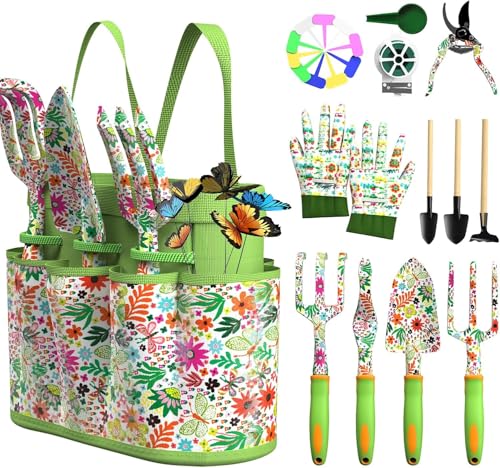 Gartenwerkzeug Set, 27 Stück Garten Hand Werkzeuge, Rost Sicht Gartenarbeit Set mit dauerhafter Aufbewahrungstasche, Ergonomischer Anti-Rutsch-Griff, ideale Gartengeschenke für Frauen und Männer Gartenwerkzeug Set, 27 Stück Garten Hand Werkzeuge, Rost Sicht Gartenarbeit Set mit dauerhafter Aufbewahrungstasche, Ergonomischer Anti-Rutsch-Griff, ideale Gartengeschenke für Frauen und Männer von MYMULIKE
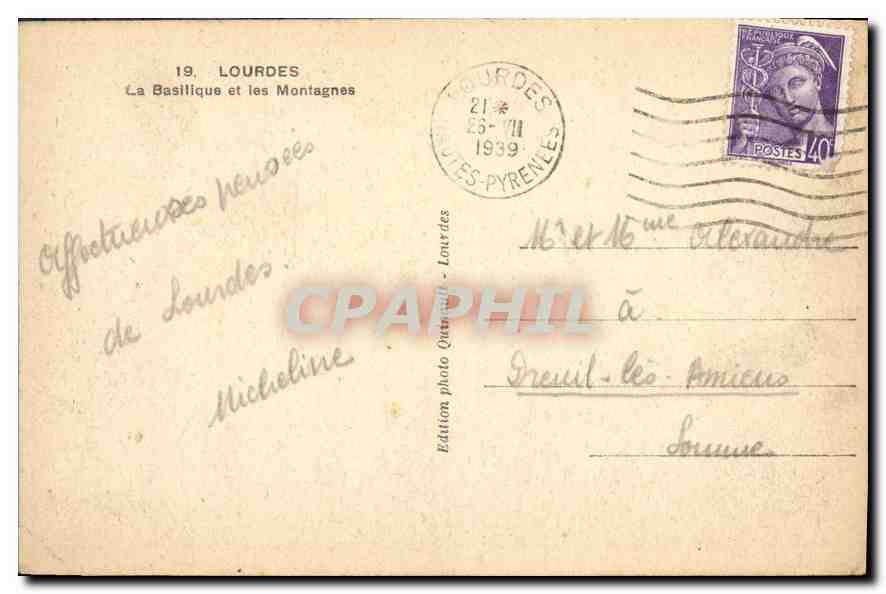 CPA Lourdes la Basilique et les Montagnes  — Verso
...
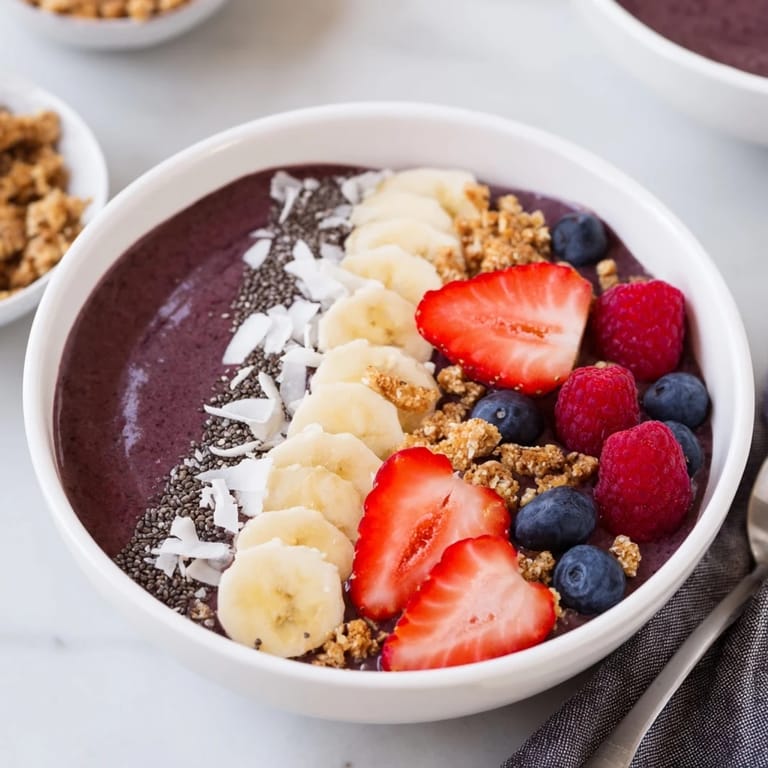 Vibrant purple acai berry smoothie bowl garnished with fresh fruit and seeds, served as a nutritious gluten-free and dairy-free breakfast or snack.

• **Requirement**: Beginning at the line above that contains "Männer von MYMULIKE", repeat each line exactly through the one that contains "CPA Lourdes la", and leave out the pictures.

• **Answer section**:
 Gartenwerkzeug Set, 27 Stück Garten Hand Werkzeuge, Rost Sicht Gartenarbeit Set mit dauerhafter Aufbewahrungstasche, Ergonomischer Anti-Rutsch-Griff, ideale Gartengeschenke für Frauen und Männer Gartenwerkzeug Set, 27 Stück Garten Hand Werkzeuge, Rost Sicht Gartenarbeit Set mit dauerhafter Aufbewahrungstasche, Ergonomischer Anti-Rutsch-Griff, ideale Gartengeschenke für Frauen und Männer von MYMULIKE
 CPA Lourdes la Basilique et les Montagnes  — Verso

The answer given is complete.